Personal information
- Full name: Daniel Birkey
- Date of birth: December 10, 1957
- Place of birth: Columbia, South Carolina, U.S.

Managerial career
- Years: Team
- 1985–1987: Portland Community College men's team
- 1988-2020: Concordia University, Portland men's team
- 1996: Cascade Surge USISL

= Dan Birkey =

American soccer player and coach (born 1957)

Daniel Birkey (born December 10, 1957) is an American retired soccer player and coach who has worked in the game at the club, collegiate and professional levels. He was the head men's soccer coach at Concordia University in Portland, Oregon, from 1988 to 2020. Upon Concordia's shift to NCAA Division II in 2015, Birkey was the 10th all-time winningest men's soccer coach in NAIA history (27 years in NAIA, with .671 winning percentage).

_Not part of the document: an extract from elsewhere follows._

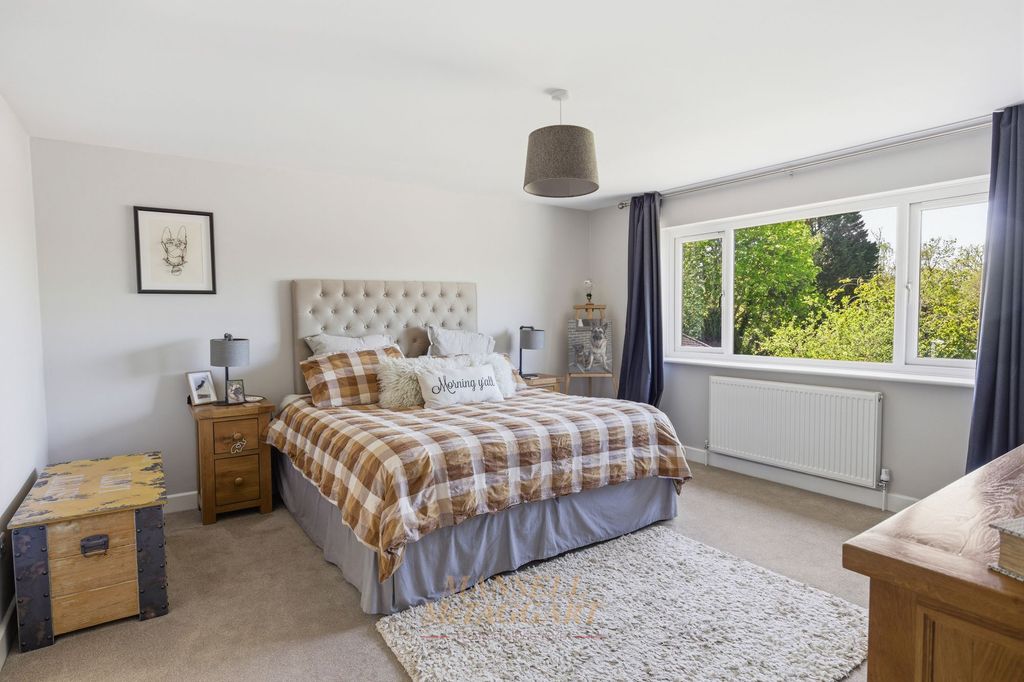 Additional image 20 of 5 bed detached house for saleTinsley Lane, Crawley RH10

Birkey recorded over 400 career wins during his time at Concordia alone.

==Biography and playing career==
Birkey spent much of his youth in northern California, and moved to Washington before entering high school. He was a state championship basketball player there and multi-sport athlete, but discovered and fell in love with soccer in 1974 when he saw an acquaintance juggling a soccer ball with his feet. He played club and high school soccer in Tacoma under German coach Yontz Miller. Birkey traveled through Central America in 1976 playing soccer and learning the game.

Birkey was later recruited to compete at Warner Pacific College. While captaining the WPC team, Birkey set several school goal and assist records, was sixth in the nation in collegiate scoring, and was named to several conference and region all star teams. In his senior year alone, Birkey tallied 18 goals and 9 assists. Birkey was a top goal scorer and All-Star player for the Horse Brass Soccer Club where he played under British manager Clive Charles in the Oregon First Division and later with the championship Iguanas SC in the Over 30's Division.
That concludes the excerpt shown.